Within the lines below, the span from the line with "Image of businessman" to the line with "Rusted metal roof", both ends included, is to be reproduced exactly, with pictures omitted.

Excerpted records
◆ ◆ ◆ ◆ ◆
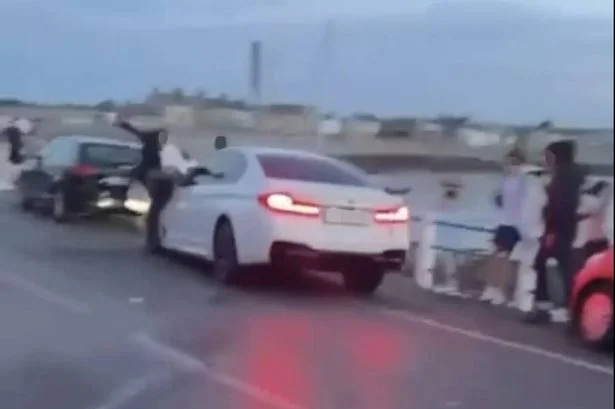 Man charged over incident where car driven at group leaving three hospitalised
◆ ◆ ◆ ◆ ◆
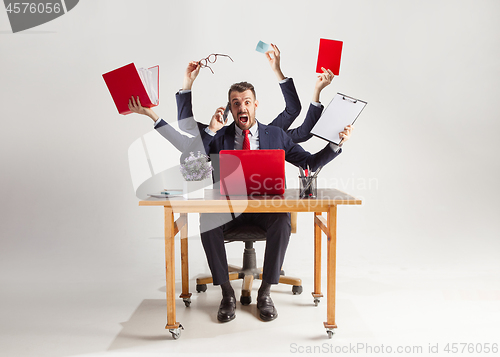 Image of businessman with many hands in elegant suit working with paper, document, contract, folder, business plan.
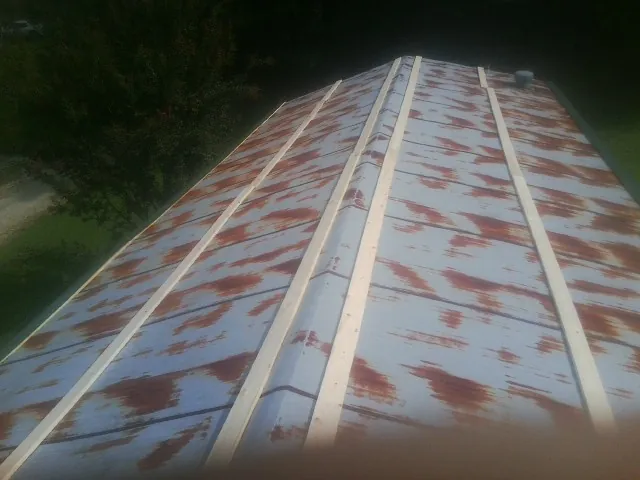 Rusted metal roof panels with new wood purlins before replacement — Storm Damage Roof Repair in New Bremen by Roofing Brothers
◆ ◆ ◆ ◆ ◆
Result of this task
 Image of businessman with many hands in elegant suit working with paper, document, contract, folder, business plan.
 Rusted metal roof panels with new wood purlins before replacement — Storm Damage Roof Repair in New Bremen by Roofing Brothers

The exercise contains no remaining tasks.